In 2004, at the request of the diocese of Kottar, Tamil Nadu Bishops' Council (TNBC) and the Catholic Bishops' Conference of India (CBCI) recommended Devasahayam Pillai for the process of beatification to the Vatican. Some Hindu groups objected to this initiative on the grounds that there was no evidence of religious persecution in Travancore during that period, and that Pillai was executed for sedition. However, documents dating back to the period of Devasahayam Pillai show that conversion of court officials to Christianity was not tolerated.

On June 28, 2012, Pope Benedict XVI authorized the Congregation for the Causes of Saints to promulgate a decree regarding the martyrdom of Devasahayam Pillai and he was referred to as "Venerable".

On 2 December 2012, a ceremony of beatification and declaration of martyrdom was held in Nagercoil, in the Roman Catholic diocese of Kottar in Southern India, presided over by Angelo Cardinal Amato, Prefect of the Congregation for the Causes of Saints, acting as papal delegate. Devasahayam Pillai is the first layman to be elevated to the rank of "Blessed" in India (the step preceding raising a person to Sainthood under the Canon Law of the Catholic Church).

Lay Martyr Devsagayam Pillai’s 300th Birth Anniversary Observed

Kottar (UCA News)

April 23 marks the 300th birth anniversary of Devsagayam Pillai, a Catholic convert from Hinduism who the Church claims was martyred for his faith. Special prayers were held at Our Lady of Sorrows Church in Aramboly, a parish under Kottar diocese that has a shrine dedicated to the layman who is now a Servant of God. In a rare gesture eight years ago, the Catholic Bishops’ Conference of India endorsed his canonization cause. That was the first official attempt to have an Indian layperson declared a saint. It was also the first time the bishops’ conference directly took up a canonization cause.

All Indians who have been declared blessed until now were Religious or priests. Kottar diocese in Tamil Nadu's Kanyakumari district, where Pillai was born, initiated his canonization cause and set up a diocesan tribunal for the process in 1984. In 1990, the diocese sent to Rome the case of a lame Hindu boy, who walked after seeing a vision of Pillai, to speed up the process.

However some historians have challenged the bishops' move, saying the Church based its case on "historical inaccuracies." According to Church accounts, Pillai's conversion upset King Marthanda Varma, who ordered his arrest and imprisonment. When three years of torture failed to make him abandon his new faith the king ordered his execution in 1752. He was executed at a place that now comes under Kottar diocese.

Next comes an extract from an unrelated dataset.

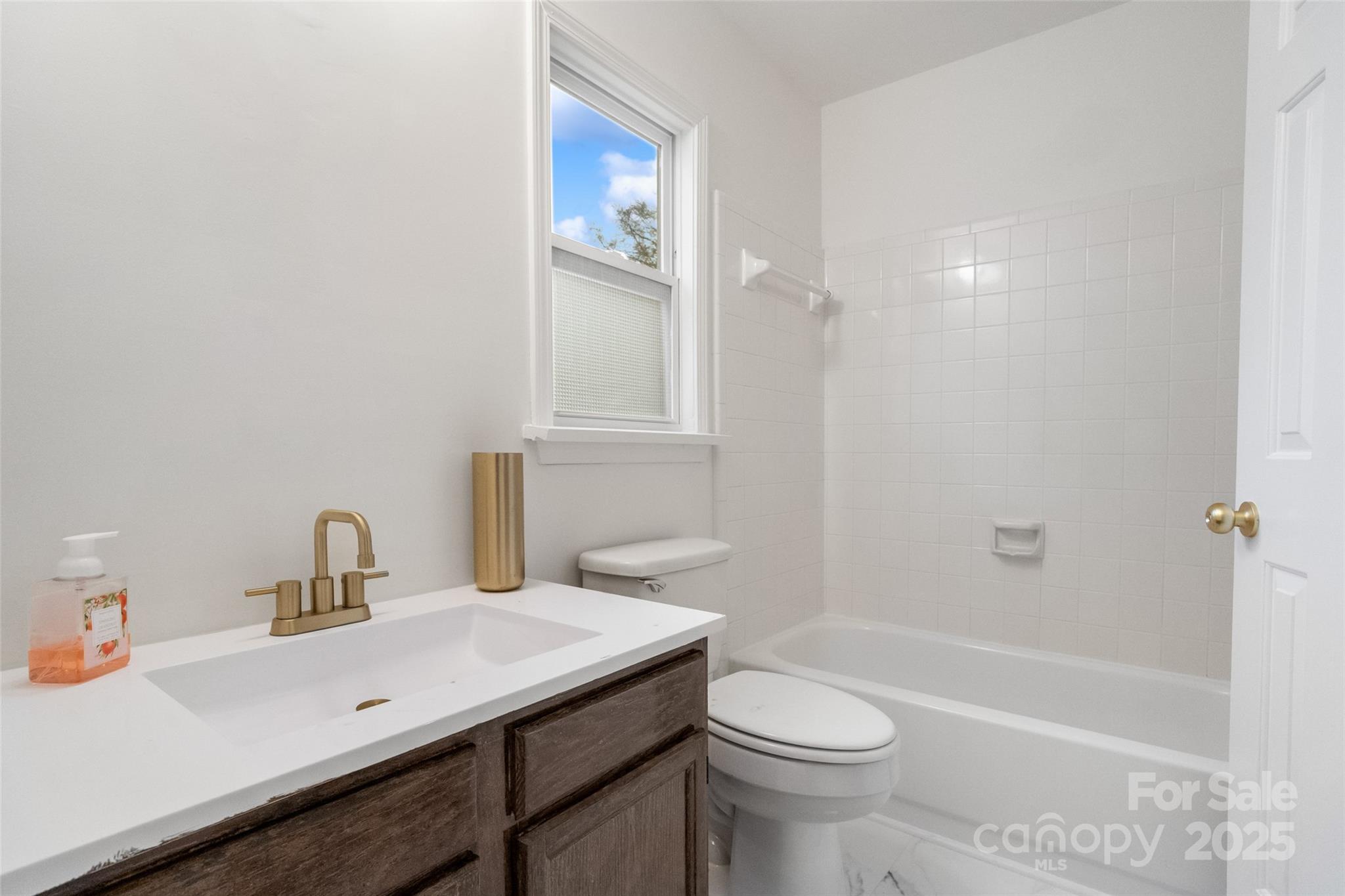 3218 Silver Pond Court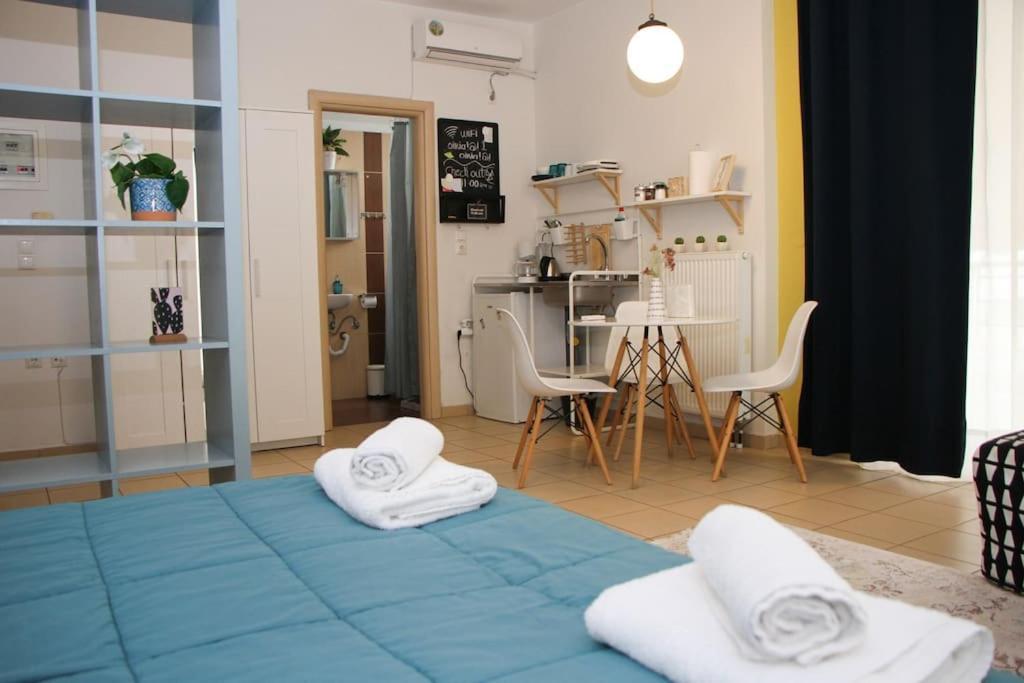 Comfy City Hideaway Каламата Экстерьер фото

Historian A. Shreedhara Menon, who claimed to have studied the king’s 29-year reign, dismissed the Church version as a "concocted story" and "figment of imagination." He said he found no evidence of religious persecution during King Varma's rule. Another historian, M.G.S. Narayanan, said there was no army chief with the name Pillai during Varma’s regime. He urged the Church leaders not to "tamper with history for the sake of making someone a saint." P. Parameswaran, another Hindu historian, said the king executed Pillai for tampering with palace records, but not for converting to Christianity,

The hero of many Tamil folk dramas, Devasahayam was born Neelakanta Pillai into a Hindu high-caste Nair family on April 23, 1712.His tryst with Christianity began after he met a Dutch general, who was the king's military adviser. Pillai was baptized Lazarus in 1745, but people called him its Tamil term, Devasahayam (God's help).

According to Father B. Wilson, a researcher into Tamil folk drama of the 19th century, Pillai identified with the poor and oppressed and challenged the unjust social order.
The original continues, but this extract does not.